[Data for processing Boundary: Start]

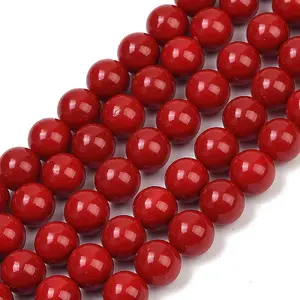 Shell Pearl Beads Strands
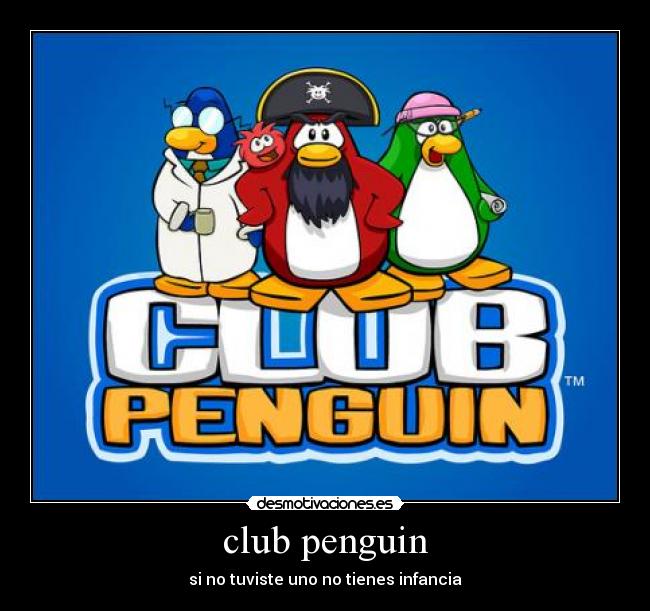 club penguin - si no tuviste uno no tienes infancia
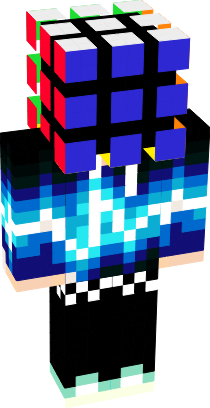 Preview of texture: il cubo di rubik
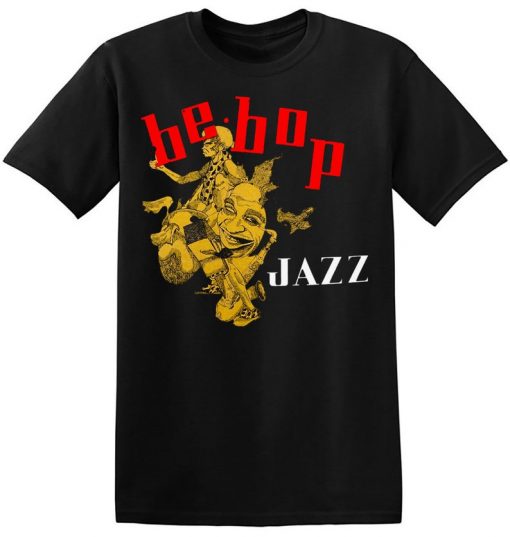 Retro Bebop jazz shirt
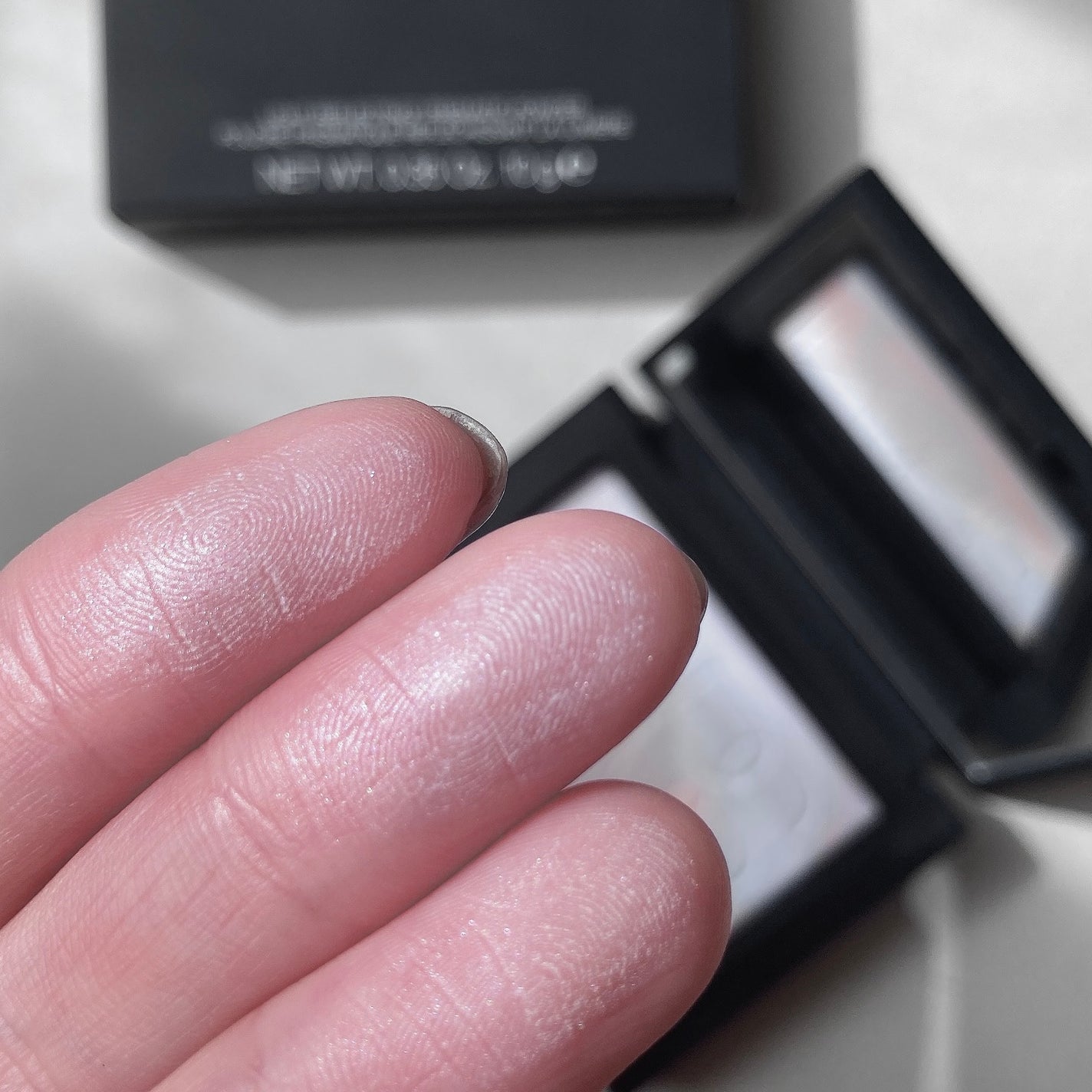 ライトリフレクティング プリズマティックパウダー/NARS/プレストパウダーを使ったクチコミ(5枚目)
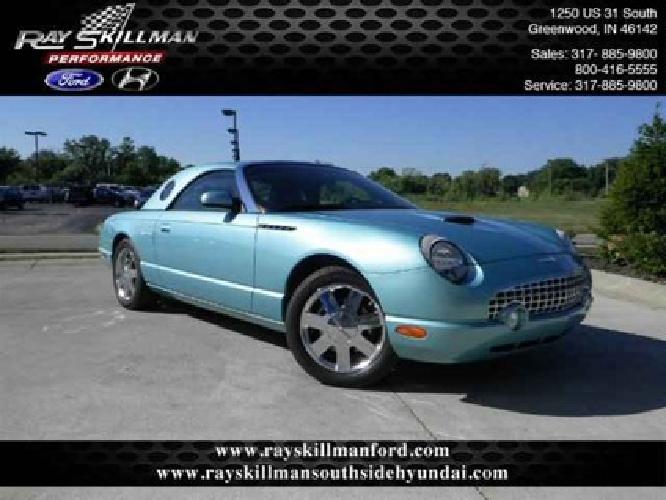 2002 ford thunderbird in greenwood, in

[Data for processing Boundary: End]

(Work task) Copy the entries exactly. Leave out the images.

(Solution for this exercise)
 Shell Pearl Beads Strands
 club penguin - si no tuviste uno no tienes infancia
 Preview of texture: il cubo di rubik
 Retro Bebop jazz shirt
 ライトリフレクティング プリズマティックパウダー/NARS/プレストパウダーを使ったクチコミ(5枚目)
 2002 ford thunderbird in greenwood, in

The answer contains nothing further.